Normal proliferation and differentiation determination but increased apoptosis of Trio^flox/flox; Nestin-Cre granule cells. A and B, phospho-histone-H3 (H3) immunostaining shows normal proliferation ability of mutant EGL. Dashed lines indicate the pial surface. C and D, the expression pattern for process extension can be detected by Tuj1 in the mutant inner EGL at P3. E and F, the differentiated neuron maker NeuN exists in the inner EGL in the mutant mice as the control at P3. Dashed lines indicate the pial surface. G and H, apoptosis, characterized by cleaved caspase-3, is greatly aggravated in mutant cerebella. I, most of the apoptotic cells in the mutant are NeuN-positive (white arrowheads) in the inner EGL or molecular layer. Dashed lines indicate the pial surface. J, H3-positive cells at the outer EGL per unit length of EGL. K, quantification of apoptotic cerebellar cells per area of cerebella during different developmental stages (n = 3); ***, p < 0.001. L, quantification of apoptotic granule cells in vitro by propidium iodide staining. Cerebellar neurons were from P4 mice and cultured at high density (600 neurons per mm²). The histogram indicates that the percentage of apoptotic cells in Trio mutant neurons was comparable to CTR cultured for 2 and 4 days. Scale bars in A–I, 100 μm.

FIGURE 9.

Quantification of active Rho small GTPases. A, GTP-bound Rac1, Cdc42, and RhoA were pulled down using PBD-GST (Rac1 and Cdc42) and RBD-GST (RhoA) from lysates of CTR and mutant total brain at P0.5. Active Rac1, Cdc42, and RhoA pulldown assays were detected by Western blot using antibodies against Rac1, Cdc42, and RhoA, respectively. Total Rac1, Cdc42, and RhoA in cell lysates indicated equal amounts of the GTPases (bottom). B, the histogram shows that the rate of active Rac1, RhoA, and Cdc42 was significantly reduced in mutant mice (p = 0.001 for Rac1, n = 5; p = 0.009 for RhoA, n = 5; p = 0.03 for Cdc42, n = 4); *, p < 0.05; **, p < 0.01.

FIGURE 10.

Neurite outgrowth in response to exogenous cues.
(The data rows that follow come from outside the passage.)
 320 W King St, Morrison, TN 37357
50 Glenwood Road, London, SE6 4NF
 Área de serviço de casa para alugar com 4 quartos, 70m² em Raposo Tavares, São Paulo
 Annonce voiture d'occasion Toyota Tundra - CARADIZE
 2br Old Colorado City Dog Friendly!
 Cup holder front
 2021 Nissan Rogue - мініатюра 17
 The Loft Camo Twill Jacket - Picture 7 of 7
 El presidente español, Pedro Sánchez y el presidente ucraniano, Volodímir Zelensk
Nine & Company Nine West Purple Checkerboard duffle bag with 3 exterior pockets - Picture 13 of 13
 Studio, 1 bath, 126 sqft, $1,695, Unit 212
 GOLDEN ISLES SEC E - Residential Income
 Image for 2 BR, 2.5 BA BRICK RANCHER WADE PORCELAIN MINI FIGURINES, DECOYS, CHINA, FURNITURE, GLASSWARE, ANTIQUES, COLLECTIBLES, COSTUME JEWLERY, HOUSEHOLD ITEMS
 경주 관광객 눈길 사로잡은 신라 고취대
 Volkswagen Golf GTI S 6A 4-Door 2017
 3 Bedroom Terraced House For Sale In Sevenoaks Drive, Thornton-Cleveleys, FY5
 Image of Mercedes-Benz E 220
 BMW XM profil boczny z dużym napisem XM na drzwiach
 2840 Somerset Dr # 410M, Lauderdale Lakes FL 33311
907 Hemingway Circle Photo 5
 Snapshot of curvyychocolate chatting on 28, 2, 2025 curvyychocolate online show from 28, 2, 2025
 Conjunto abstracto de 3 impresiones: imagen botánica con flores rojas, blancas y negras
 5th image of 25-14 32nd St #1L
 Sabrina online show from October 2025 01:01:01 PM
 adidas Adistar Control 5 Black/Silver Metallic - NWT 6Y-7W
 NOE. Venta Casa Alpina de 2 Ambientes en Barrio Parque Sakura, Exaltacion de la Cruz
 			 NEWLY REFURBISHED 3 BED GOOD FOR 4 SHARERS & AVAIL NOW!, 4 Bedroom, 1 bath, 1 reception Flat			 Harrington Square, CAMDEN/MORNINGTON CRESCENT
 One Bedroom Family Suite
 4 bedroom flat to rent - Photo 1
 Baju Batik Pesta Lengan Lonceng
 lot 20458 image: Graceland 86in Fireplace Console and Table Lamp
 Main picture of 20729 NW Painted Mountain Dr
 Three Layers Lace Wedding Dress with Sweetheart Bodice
A, neurite outgrowth of control and Trio^NKO cerebellar neurons cultured for 2.5 days in vitro with control buffer and the buffer with Netrin-1. B, quantification of mean axon length of cerebellar granule cells 2.5 days after plating with control buffer, glutamate, Netrin-1, nerve growth factor, and Semaphorin 6A/Fc; *, p < 0.05; **, p < 0.01. Scale bar in A, 20 μm.